陽が傾いだころから父は炭を組み、わたしは台所で食材の準備。すでに缶ビールが空いています。あたりが赤く染まりはじめたら、缶を片手にわたしも庭へ降りて、じわじわ肉やら野菜やらが焼けるのを見ながら杯を重ねます。すっかり陽が山に帰って、星がちろちろしはじめたら、缶からグラスにもちかえて、父と2人で選んだお酒を。その日は、ウイスキーでした。

 

母や妹も庭へでてきて、家族で円をつくります。母は食が細くて、肉や野菜を少しつまんでは囲む明かりの外へ消えてしまいます。すっかり暗い向こうの方から、ざくざく土をかいたりかちゃかちゃスコップのなる音が聞こえます。
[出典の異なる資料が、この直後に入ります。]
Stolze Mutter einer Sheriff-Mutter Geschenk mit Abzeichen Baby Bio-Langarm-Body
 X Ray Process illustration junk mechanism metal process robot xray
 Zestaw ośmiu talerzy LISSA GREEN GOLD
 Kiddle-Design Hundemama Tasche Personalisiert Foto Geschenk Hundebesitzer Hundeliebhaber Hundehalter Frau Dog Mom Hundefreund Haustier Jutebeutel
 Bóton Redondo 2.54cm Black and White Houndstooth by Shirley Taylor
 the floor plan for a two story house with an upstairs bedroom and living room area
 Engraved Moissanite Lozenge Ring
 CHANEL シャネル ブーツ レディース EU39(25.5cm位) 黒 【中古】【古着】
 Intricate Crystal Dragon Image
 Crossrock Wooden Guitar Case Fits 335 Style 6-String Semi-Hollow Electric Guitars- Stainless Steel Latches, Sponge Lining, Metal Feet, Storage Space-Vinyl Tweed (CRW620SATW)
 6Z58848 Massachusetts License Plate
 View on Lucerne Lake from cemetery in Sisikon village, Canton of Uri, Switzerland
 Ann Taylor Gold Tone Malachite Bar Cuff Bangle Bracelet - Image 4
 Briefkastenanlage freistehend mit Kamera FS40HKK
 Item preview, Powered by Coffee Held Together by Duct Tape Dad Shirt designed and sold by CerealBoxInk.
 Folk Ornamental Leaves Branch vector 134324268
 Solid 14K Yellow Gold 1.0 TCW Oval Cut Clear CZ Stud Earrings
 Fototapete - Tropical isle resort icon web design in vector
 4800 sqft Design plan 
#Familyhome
そうしてしばらく音をさせては、思い出したように輪の中に戻ってくるのでした。

 

夜になると花のにおいがするの。

日中はしないのに。不思議ねえ。

母が言いました。

もしかしたら、母はそのにおいに誘われて暗がりに消えてしまうのかもしれません。だってわたしは、揺らすたびに手のなかでかろかろなる、ウイスキーの煙たいにおいしか感じなかったのですから。

どこか遠いところで、寝ぼけた鳥がぴょろろと鳴きました。

寝ぼけていたのは、わたしかもしれません。